(Problem details)
In the entries below, find the line with "Lift Every Voice and Sing" and the line with "China Two Roll". Repeat exactly everything between them, those two lines included, but not the pictures.

(Provided material)

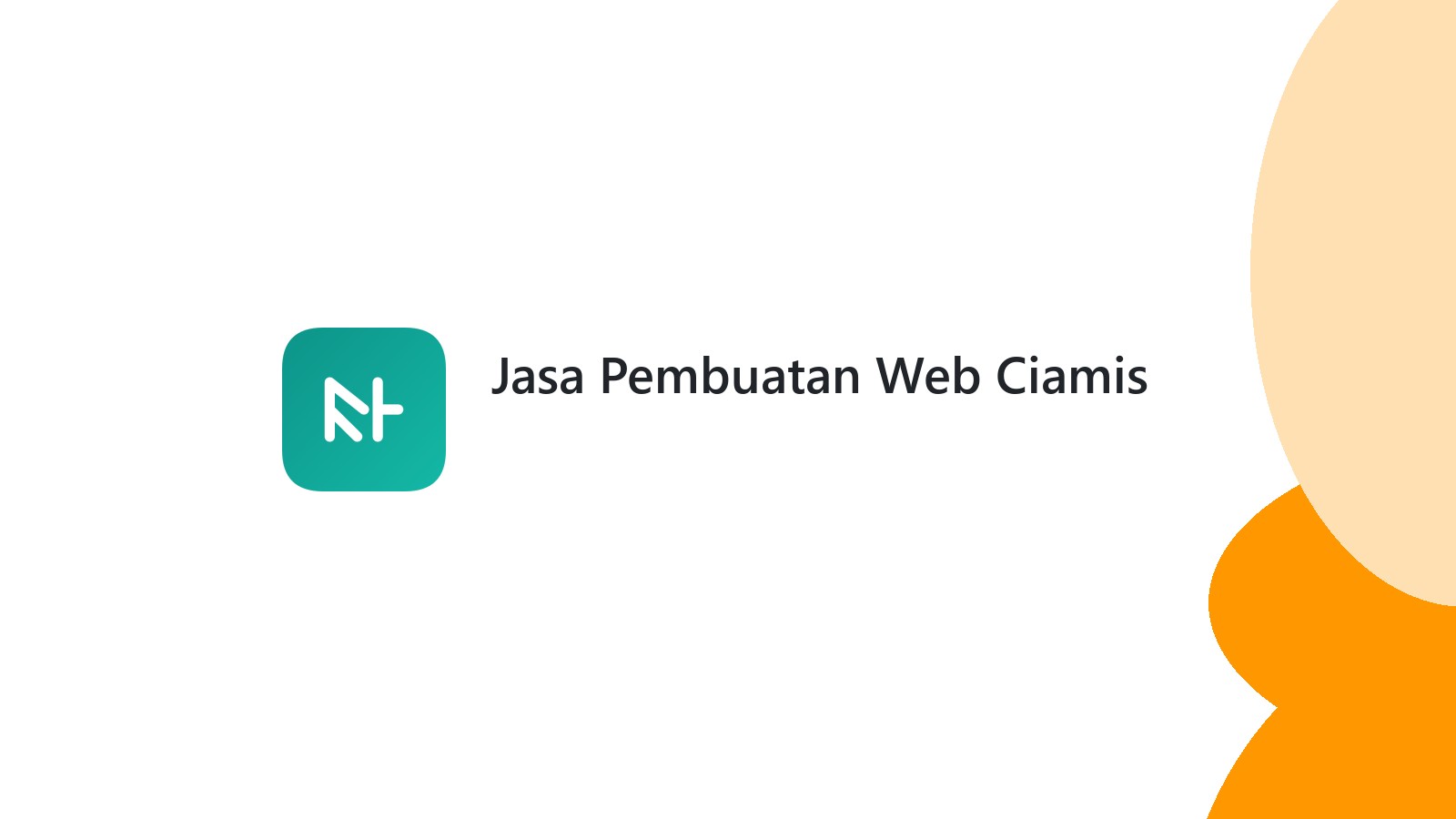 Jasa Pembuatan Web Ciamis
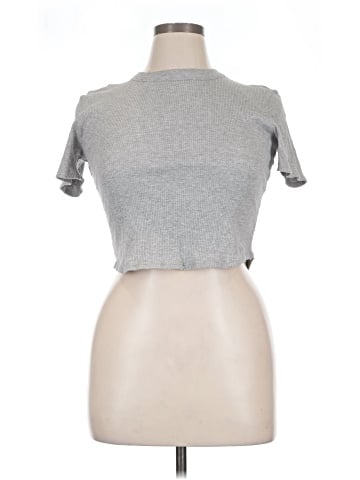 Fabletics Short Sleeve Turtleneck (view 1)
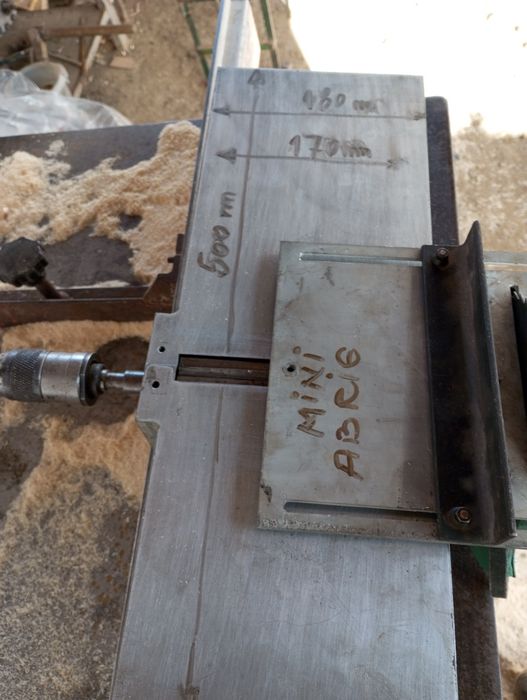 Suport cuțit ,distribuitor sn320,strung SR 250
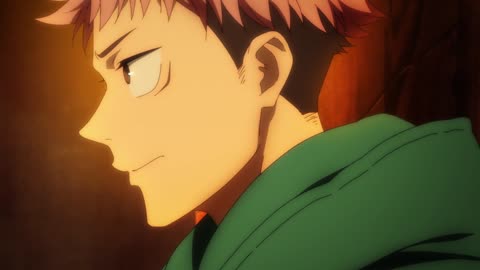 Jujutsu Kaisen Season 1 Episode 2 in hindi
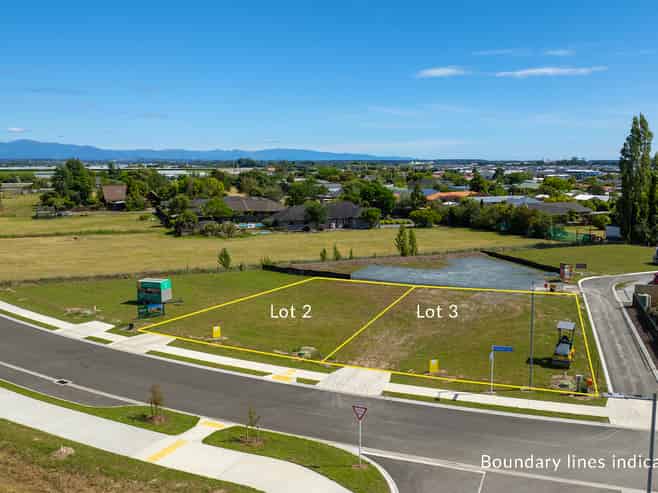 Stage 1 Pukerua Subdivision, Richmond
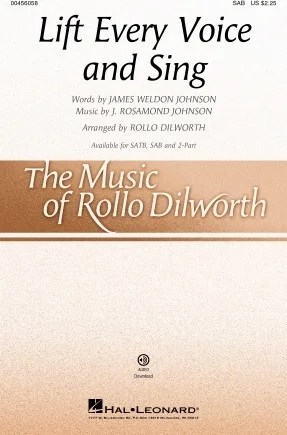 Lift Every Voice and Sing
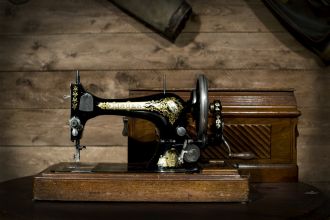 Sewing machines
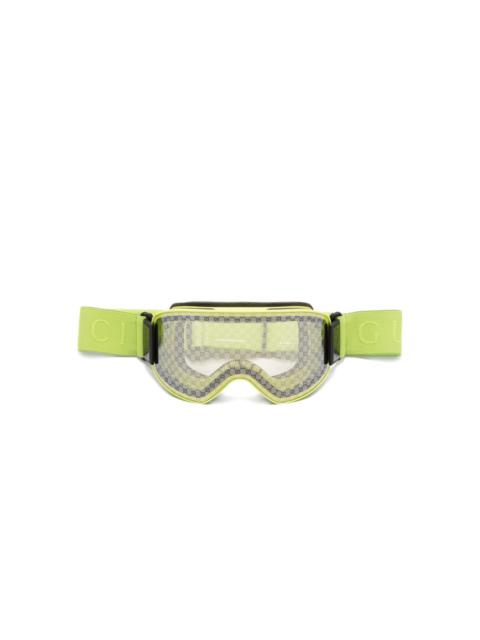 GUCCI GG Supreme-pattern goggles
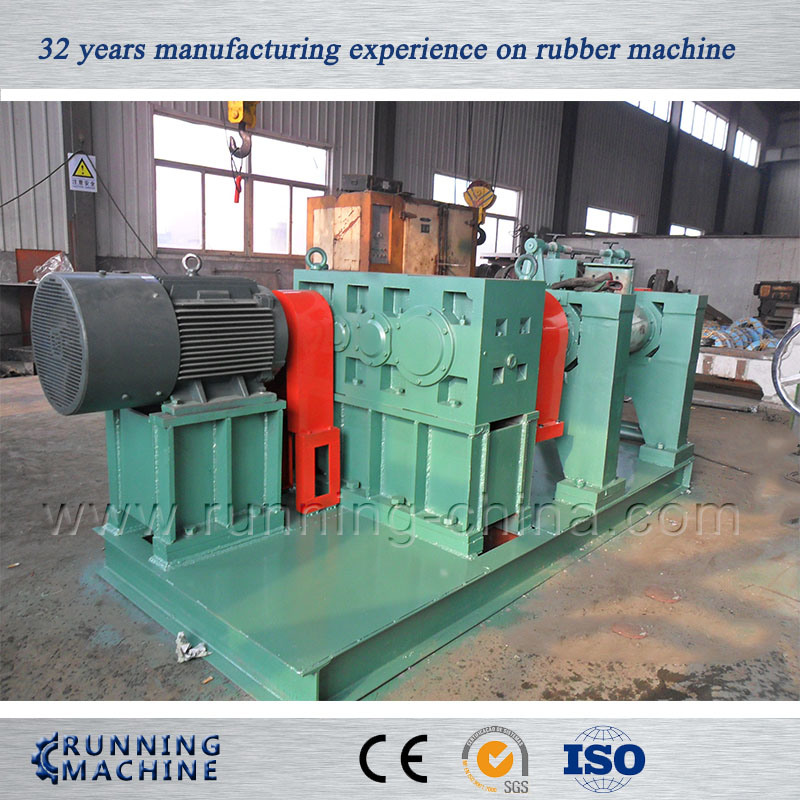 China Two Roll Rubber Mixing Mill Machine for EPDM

==

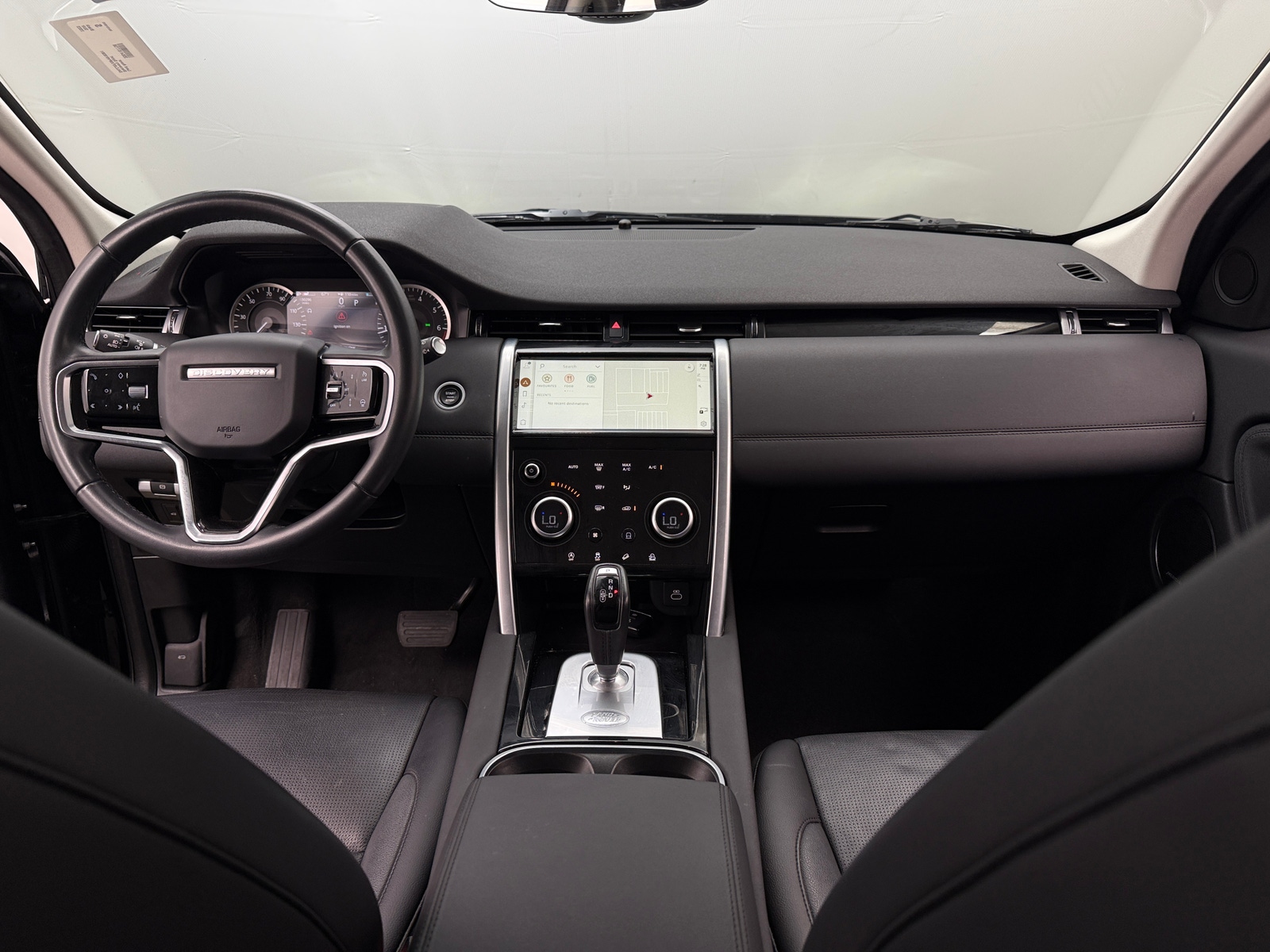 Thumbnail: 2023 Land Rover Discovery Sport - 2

(Response area)
 Lift Every Voice and Sing
 Sewing machines
 GUCCI GG Supreme-pattern goggles
 China Two Roll Rubber Mixing Mill Machine for EPDM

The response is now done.